Jason Clayworth at The Des Moines Register wrote a piece about a proclamation that Iowa Governor Terry Branstad signed encouraging Iowans to participate in a public reading of the Bible which of course has the atheists and freedom from religion folks in a tizzy.
Gov. Terry Branstad’s proclamation that encourages Iowans to take part in a statewide county courthouse Bible reading marathon violates the U.S. Constitution by promoting Christianity, three groups allege.
Two of those groups — the American Civil Liberties Union of Iowa and the Freedom From Religion Foundation — said they were reviewing the matter with an eye toward litigation against the state.
“The government is supposed to be neutral toward religion,” said Annie Laurie Gaylor, co-president of Freedom From Religion Foundation, a Wisconsin-based group.
She continued: “Can you imagine the uproar if the governor used state resources to encourage people to go to a ‘God is Dead’ rally or a vigil to review how divisive religion is? Everyone can see how inappropriate that would be. This is exactly the same type of violation.”
The prayer events are being organized by several Christian-based groups: the Iowa Prayer Caucus, the National Governor’s Prayer Team and the United States Prayer Council. The Iowa events are planned at all 100 county courthouses, some with prayers every 15 minutes from June 30 through July 3.
Branstad in April signed a proclamation “in the name and by the authority of the state of Iowa,” calling the event historic. The proclamation encourages Iowans to participate in the events and “to read through the Bible on a daily basis each year until the Lord comes.”

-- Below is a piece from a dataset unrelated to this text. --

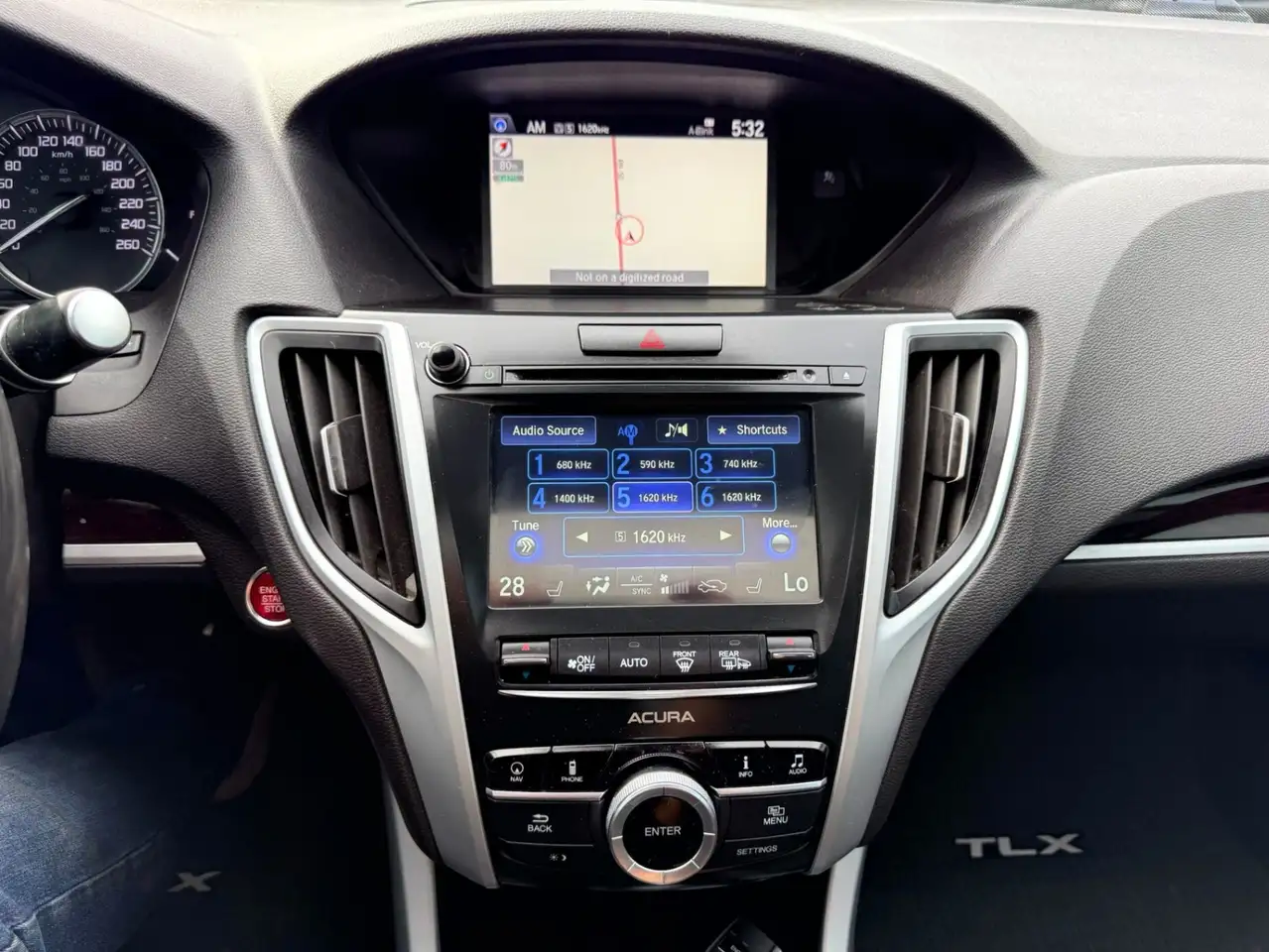 Acura TLX снимка Acura TLX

These groups were strangely silent when Branstad signed an Iowa Muslim Day proclamation in 2014 and 2015. Heck he also signed a Day of Reason proclamation. The National Day of Reason was established by the American Humanists Association. He has also signed a National Day of Prayer proclamation.
Branstad signs hundreds of proclamations every year.
Clayworth’s article entitled “Is Branstad’s Bible proclamation unconstitutional?” No. A proclamation from a governor encouraging people to read the Bible can’t be considered “establishing a religion.” It doesn’t also compel anyone to participate. A proclamation is not a law and does not have the force of law. A proclamation like this doesn’t even use state resources unless you count the time it took to type, print and sign the document along with the paper it was printed on.
So if this proclamation is unconstitutional so are the Muslim Day and the Day of Reason proclamations which they’re not.
Clayworth cited the Lemon Test that posed three questions where if answered affirmatively a violation could occur.
- Does the government action have a secular purpose?
- Does the government action have the primary effect of advancing or inhibiting religion?
- Does the government action foster an excessive entanglement between government and religion?
That is cherry picking one case, Lemon v. Kurtzman, that was decided in 1971 that struck down Pennsylvania’s Nonpublic Elementary and Secondary Act that allowed the state to reimburse private schools for teacher salaries. The court’s decision also upheld a circuit court decision striking down a similar law in Rhode Island.
This ignores the numerous Supreme Court decisions that have upheld religious invocations to open legislative session, government funding of bussing and textbooks for private religious schools, and efforts by school districts to arrange schedules to accommodate students’ extra-curricular religious education programs.
Also most cases that the Supreme Court have dealt with are laws, use of public funds or use of public land. I highly doubt they would give a Governor’s proclamation, that is practically meaningless, the time of day.
Basically Clayworth wrote this piece because atheists are offended. So be offended. Being offended doesn’t mean one’s constitutional rights are being trampled on. Since this does not compel an atheist to participate or use taxpayer money the question of it’s constitutionality is moot.